Limits of perception
The human ear can usually hear sounds in the range 20 Hz to 22 kHz. With age, the range decreases, especially at the upper limit. Lower frequencies cannot be heard but loud sounds can be felt on the skin.
Frequency resolution of the ear is, in the middle range, about 2 Hz. That is, changes in pitch larger than 2 Hz can be perceived. However, even smaller pitch differences can be perceived through other means. For example, the interference of two pitches can often be heard as a (low-)frequency difference pitch. This effect is called beating.
The "intensity" range of audible sounds is enormous. Our ear drums are sensitive only to the sound pressure variation. The lower limit of audibility is defined to 0 dB, but the upper limit is not as clearly defined. The upper limit is more a question of the limit where the ear will be physically harmed (see also hearing disability). This limit depends also on the time exposed to the sound. The ear can be exposed to short periods in excess of 120 dB without permanent harm, but long term exposure to sound levels over 80 dB can cause permanent hearing loss.
A more rigorous exploration of the lower limits of audibility determines that the minimum threshold at which a sound can be heard is frequency dependent. By measuring this minimum intensity for testing tones of various frequencies, a frequency dependent Absolute Threshold of Hearing (ATH) curve may be derived. Typically, the ear shows a peak of sensitivity (i.e., its lowest ATH) between 1kHz and 5kHz, though the threshold changes with age, with older ears showing decreased sensitivity above 2kHz.

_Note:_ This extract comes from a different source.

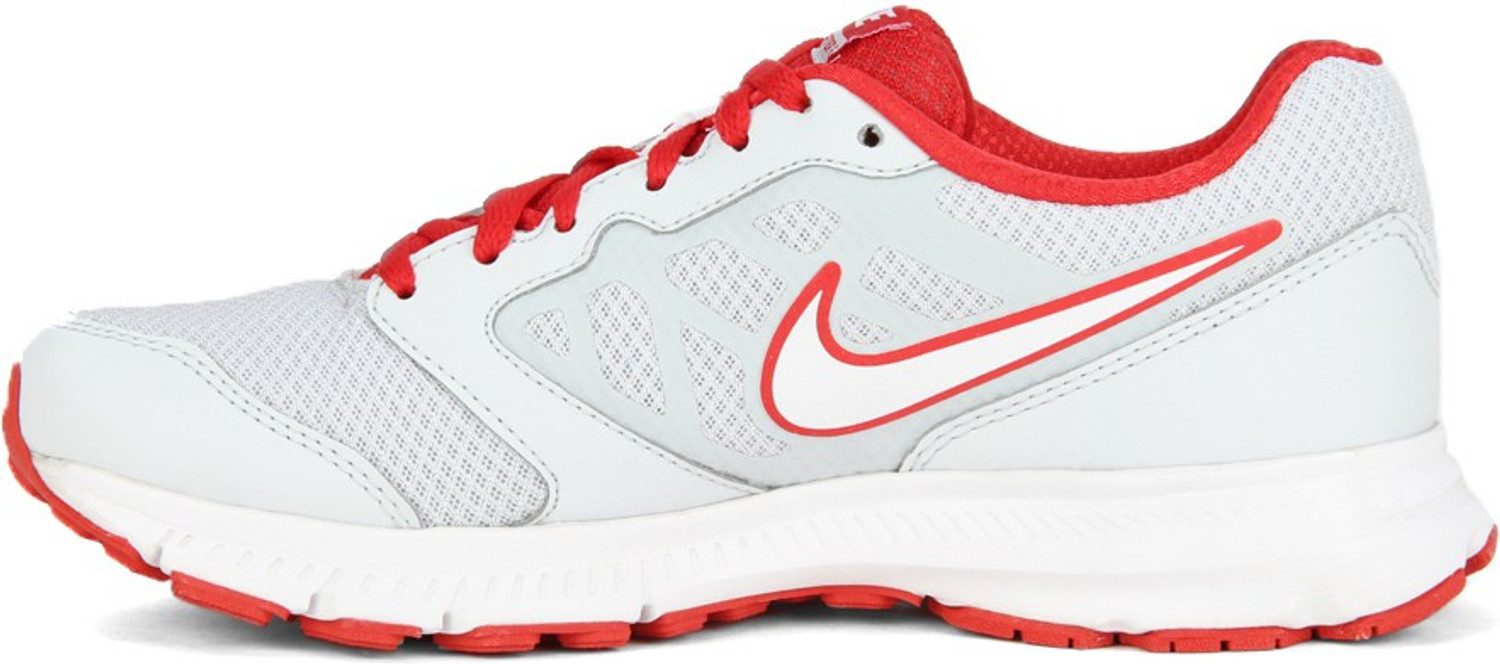 Image of NIKE DOWNSHIFTER 6 MSL Running Shoes For Men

The ATH is the lowest of the equal-loudness contours. Equal-loudness contours indicate the sound pressure level (dB), over the range of audible frequencies, which are perceived as being of equal loudness. Equal-loudness contours were first measured by Fletcher and Munson at Bell Labs in 1933 using pure tones reproduced via headphones, and the data they collected are called Fletcher-Munson curves. Because subjective loudness was difficult to measure, the Fletcher-Munson curves were averaged over many subjects.

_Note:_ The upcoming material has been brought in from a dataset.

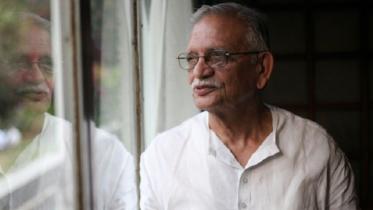 gulzar.jpg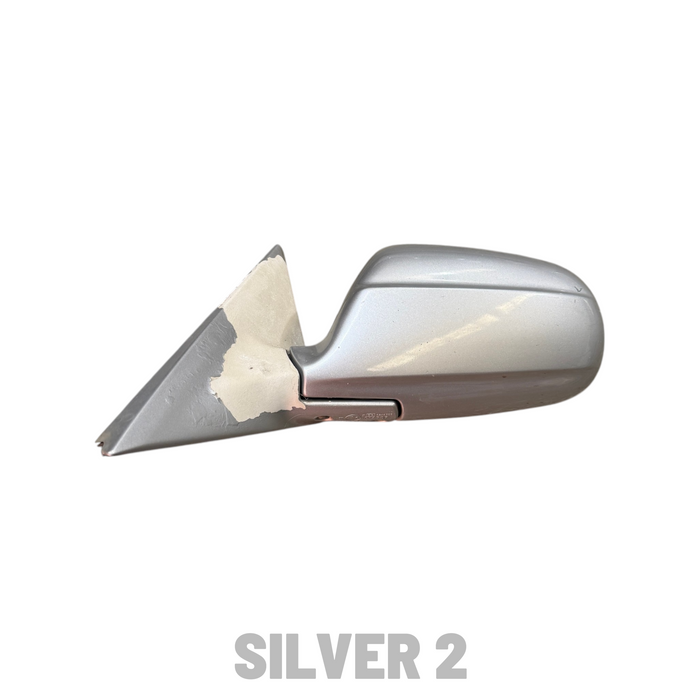 Left Passenger Side Door Mirror Honda Integra DC2 94-01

Robinson and Dadson refined the process in 1956 to obtain a new set of equal-loudness curves for a frontal sound source measured in an anechoic chamber. The Robinson-Dadson curves were standardized as ISO 226 in 1986. In 2003, ISO 226 was revised using data collected from 12 international studies.
What do we hear?
Human hearing is basically like a spectral analyzer, that is, the ear resolves the spectral content of the pressure wave without respect to the phase of the signal. In practice, though, some phase information can be perceived. Inter-aural (i.e. between ears) phase difference is a notable exception by providing a significant part of the directional sensation of sound. The filtering effects of head-related transfer functions provide another important directional cue.
In some situations an otherwise clearly audible sound can be masked by another sound. For example, conversation at a bus stop can be completely impossible if a loud bus is driving past. This phenomenon is called masking. A weaker sound is masked if it is made inaudible in the presence of a louder sound.

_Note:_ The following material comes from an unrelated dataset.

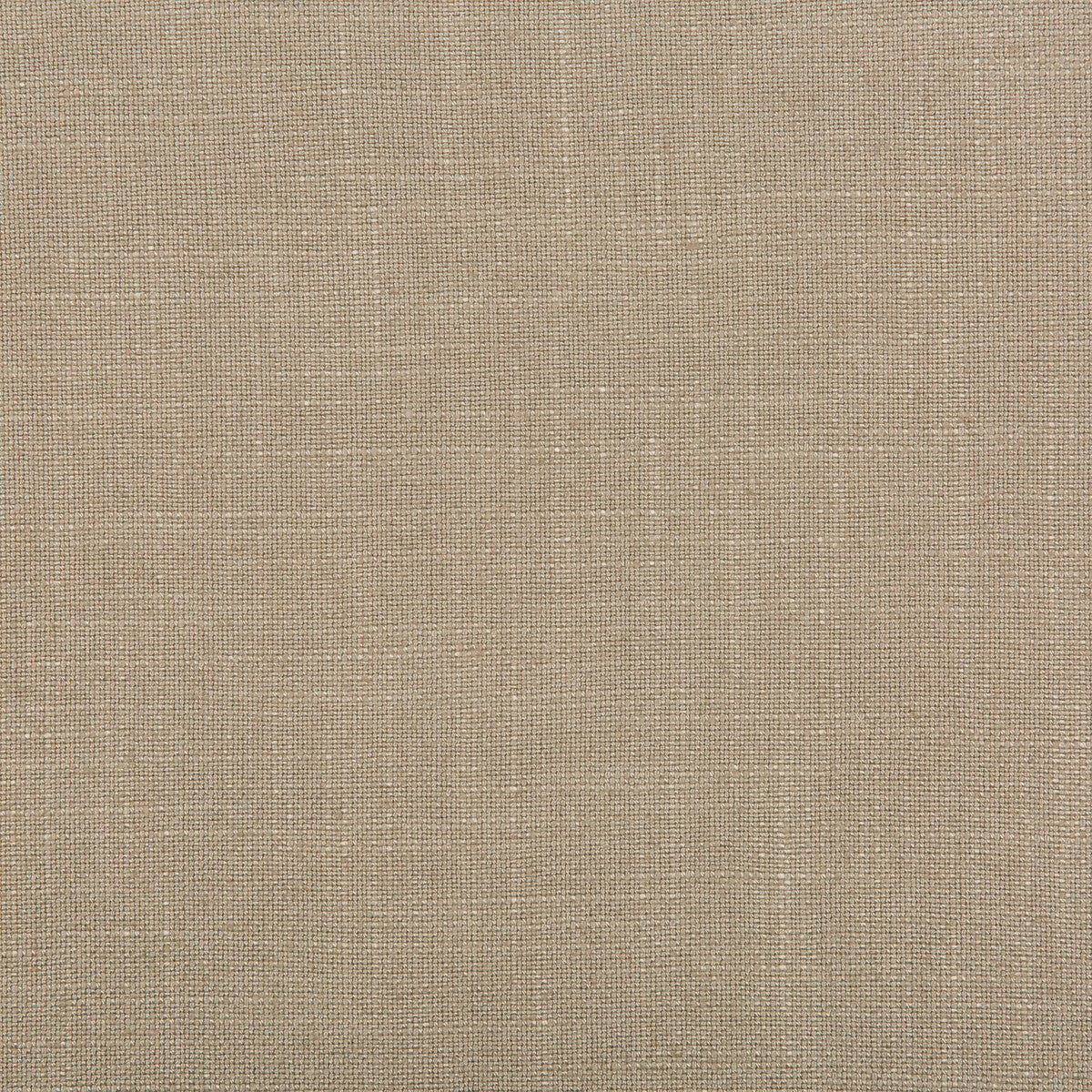 KRAVET DESIGN AURA DRIFTWOOD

If two sounds occur simultaneously and one is masked by the other, this is referred to as simultaneous masking . A sound close in frequency to the louder sound is more easily masked than if it is far apart in frequency. For this reason, simultaneous masking is also sometimes called frequency masking. The tonality of a sound partially determines its ability to mask other sounds. A sinusoidal masker, for example, requires a higher intensity to mask a noise-like maskee than a loud noise-like masker does to mask a sinusoid. Computer models which calculate the masking caused by sounds must therefore classify their individual spectral peaks according to their tonality.
Similarly, a weak sound emitted soon after the end of a louder sound is masked by the louder sound. In fact, even a weak sound just before a louder sound can be masked by the louder sound. These two effects are called forward and backward temporal masking, respectively.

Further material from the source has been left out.